In April 2014, Iñaki Lamata and his cousin Carlos Rubio launched EatOutManila, a “hassle-free online reservations system” for Filipino foodies. Rubio first learned of the technology in Europe where online restaurant reservation is widely practiced.
Lamata admits to being frustrated with manual restaurant reservations gone wrong. “We’ve done bookings that led to frustration—double bookings, cancellations, waiting in line for a confirmed reservation—and we wondered if there was any way we could do this conveniently,” he says. With EatOutManila, customers are able to complete each booking transaction from end to end in real time.
As long as users have Internet connection, they can reserve a table from a list of more than 100 restaurants. “We have search parameters such as location, price points, and proximity for someone who is not familiar with the area,” he assures.
How it works
Users access the website or download the app through their mobile phones, register, and then book their reservations by selecting the restaurant, time, date, and number of people.

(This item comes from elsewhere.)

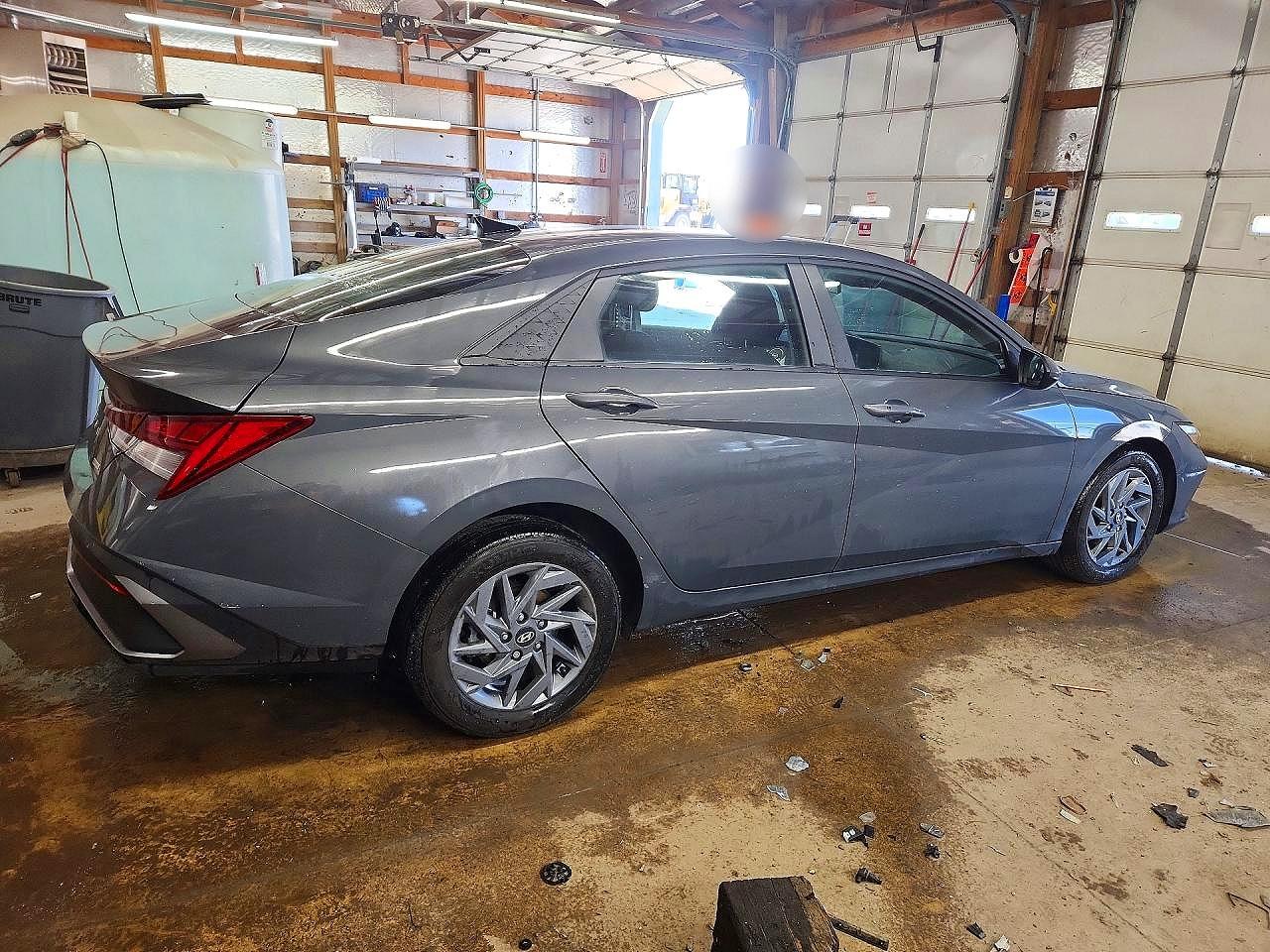 Hyundai ELANTRA Blue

Once done, the user will then receive an email confirmation of the reservation, while the restaurant’s system is updated real time.

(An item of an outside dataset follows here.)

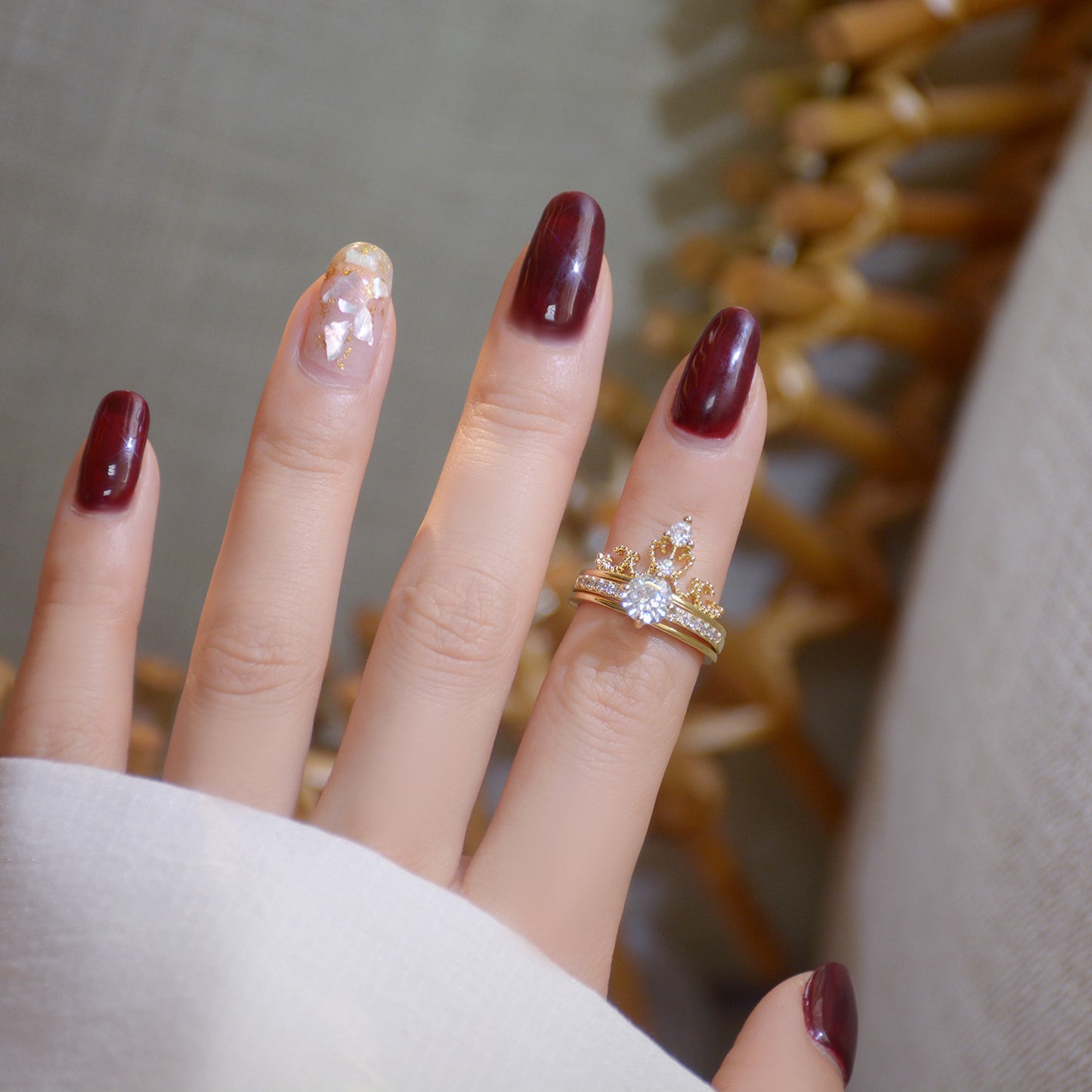 Womens Fashion Copper Zircon Ring Set Micro Inlaid Adjustable Crown Style Korean Couple Jewelry Elegant Allure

On top of guaranteed seating, users are entitled to discounts, freebies, and special promotions. “As customers ourselves, we have a good understanding of the enhancements that should be made and areas to be improved when it comes to booking tables at restaurants,” says Lamata.
Use of the app is free, while restaurants pay a monthly retainer of P1,000 to P1,500 to use the booking reservation management system that can modify or cancel the reservations, send email notifications, and even assign tables.
The first restaurant reservation mobile application in the Philippines, EatOutManila is available only in Metro Manila, but its founders hope to launch it in other areas such as Cebu and Boracay. The recent entry of an international competitor does not faze Lamata, who says they are working on further enhancements to cope with the changing needs of the market.
“We’re looking at incorporating social media so that users can share their favorite dining establishments and hangouts with their friends, as well as include a review and rewards system for the restaurant partners,” says Lamata.